Of note, somatic mutations in genes encoding ion pumps and channels (KCNJ5, ATP1A1, ATP2B3, CACNA1D) in adrenal cells have been identified in more than 50% of patients with sporadic APA [18,19]. Germline mutations in CACNA1D have been described in two patients with unexplained PA and complex neurological disorders (seizures and functional neurological abnormalities, resembling cerebral palsy) [20]. This syndrome was called PASNA (Primary Aldosteronism, Seizures and Neurologic Abnormalities). Patients with PASNA are not able to transmit the mutation to their offspring because of the severe neurological impairment.

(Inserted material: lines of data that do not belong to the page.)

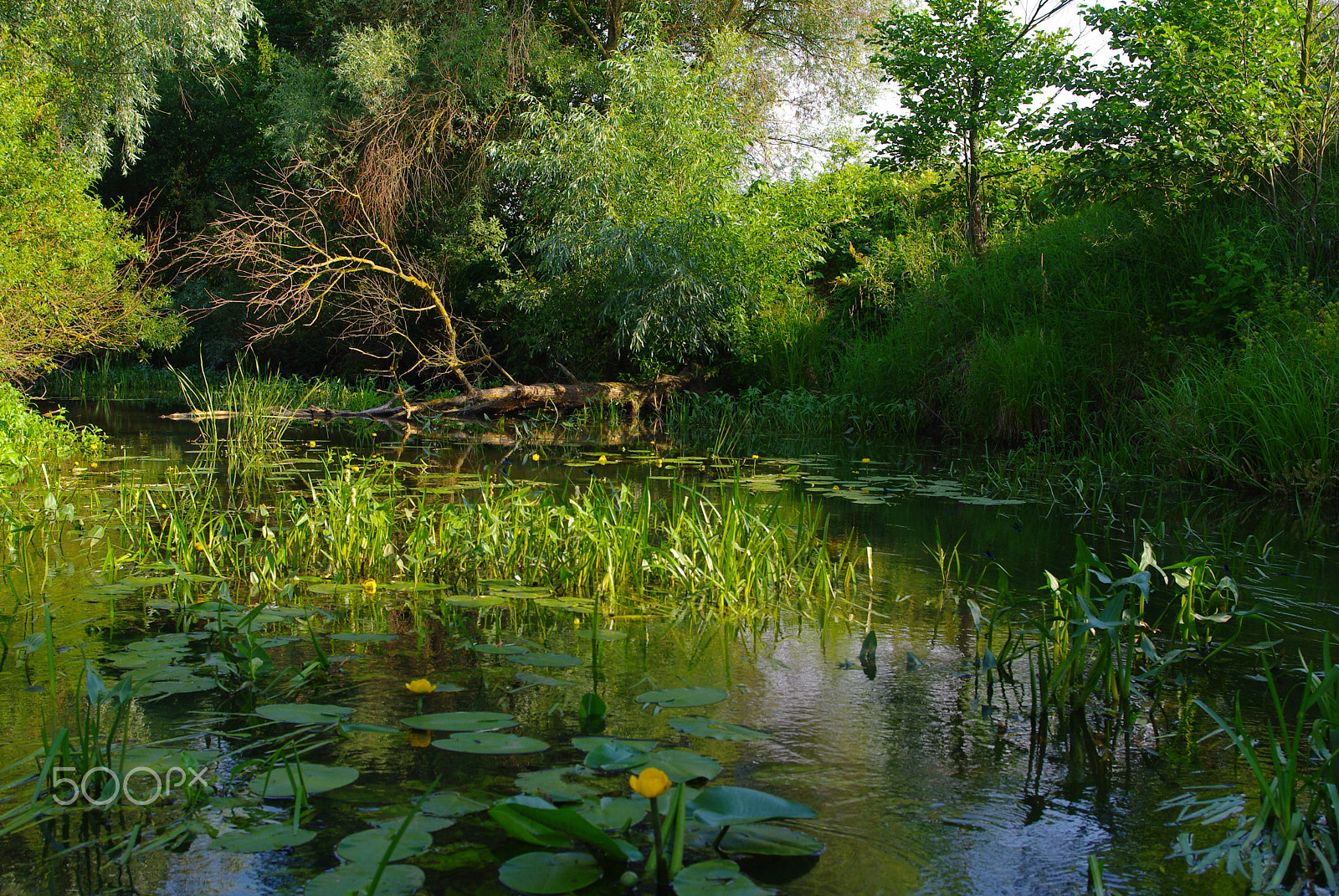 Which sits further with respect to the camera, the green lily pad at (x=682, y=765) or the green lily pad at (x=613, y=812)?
the green lily pad at (x=682, y=765)

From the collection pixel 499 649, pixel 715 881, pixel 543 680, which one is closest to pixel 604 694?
pixel 543 680

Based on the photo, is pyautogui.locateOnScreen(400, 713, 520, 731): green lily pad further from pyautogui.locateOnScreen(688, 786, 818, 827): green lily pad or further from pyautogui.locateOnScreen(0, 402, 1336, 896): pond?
pyautogui.locateOnScreen(688, 786, 818, 827): green lily pad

Another Mendelian form of low-renin HTN is the Apparent Mineralocorticoid Excess (AME) syndrome. Cortisol has a strong agonist activity on mineralocorticoid receptor (MR) and is present in a 100× higher concentration in bloodstream. HSD11B2 (type 2, 11β-hydroxysteroid dehydrogenase), converting cortisol in cortisone, prevents its binding to MR. The loss-of-function mutation of HSD11B2 leads to cortisol-dependent activation of the MR resulting in sodium retention, hypokalemia, metabolic alkalosis, suppressed renin and aldosterone levels and increased cortisol/cortisone ratio [21,22]. An acquired deficiency of this enzyme is determined by excessive liquorice intake (glycyrrihizic acid from liquorice inhibit HSD11B2).

Gordon’s syndrome, also known as type 2 pseudo-hypoaldosteronism or familial hyperkaliemic hypertension is characterized by HTN, hyperkalemia and hyperchloraemic metabolic acidosis [23] (see Figure 1). The diagnosis is mainly clinical with subsequent identification of the causal mutation, that however, is not obtained in all cases, indicating that as yet unidentified genes are associated with this condition [24]. To date, mutations of 4 genes have been described: mutations in WNK1 and WNK4 kinases [25], and more recently KLHL3 and CUL3 mutations [26]. The net effect of gain-of-function mutations in WNK1 and loss-of-function mutations in WNK4, KLHL3 and CUL3 is the excessive activation of sodium-chloride co-transporter (NCC) and epithelial sodium channel (ENaC) and the inhibition of the potassium channel ROMK, with increased reabsorption of sodium and reduced excretion of potassium [27]. The identification of molecular mechanisms underlying the pathology allows a targeted therapy with thiazide diuretics, which inhibit NCC, revert hyperkalaemia and normalize BP. Recently, GILZ (glucocorticoid induced leucine zipper protein) has been demonstrated to modulate renal potassium homeostasis; GILZ-knockout mice had hyperkalemia due to hyperstimulation of NCC, representing a reliable model of Gordon syndrome (even if mice had normal BP values) [28].

Figure 1

Gordon and Liddle syndromes. Panel A—Epithelial Na+ Channel (ENaC) is expressed in the distal convoluted tubule (DCT) at the apical membrane, where it allows Na+ in the lumen to enter the cell. At the baso-lateral membrane, Na+ is pumped outwards by Na+-K+ ATPase. ENaC membrane expression is regulated through membrane trafficking. Aldosterone (Aldo), vasopressin (ADH), Nedd4 and Nedd4-2 regulate membrane endocytosis and exocytosis, through cAMP-dependent pathways and aldosterone/serum and glucocorticoid-regulated kinase (SGK). Panel B—ENaC gain-of-function mutations determine resistance to Nedd-mediated ubiquitination with ENaC over-expression. ENaC inhibitors (such as amiloride) block ENaC and normalize BP. Panel C—Na+-Cl− co-transporter (NCC), potassium channel (ROMK) and ENaC are responsible for Na+ and K+ homeostasis in DCT. Different intracellular factors regulate the activity of these transporters: WNK1 and WNK4 (kinases which inhibit NCC and ROMK), KLHL3 and CUL3 (ubiquitin ligases which mediate WNK kinases degradation). Panel D—The net effect of gain-of-functions mutations in WNK1 and loss-of-function mutations in WNK4, KLHL3 and CUL3 is the excessive activation of NCC and ENaC and the inhibition of ROMK, with increased reabsorption of sodium and reduced excretion of potassium. Thiazide diuretics block NCC and normalize BP. Arrows indicate up-regulation whereas lines ending in closed circles indicate down-regulation. Fine lines indicate established pathways, whereas dotted lines indicate pathways observed in in vitro models. The effects of mutations are indicated in red. Modified from Pathare 2013 [27] and Snyder 2002 [29].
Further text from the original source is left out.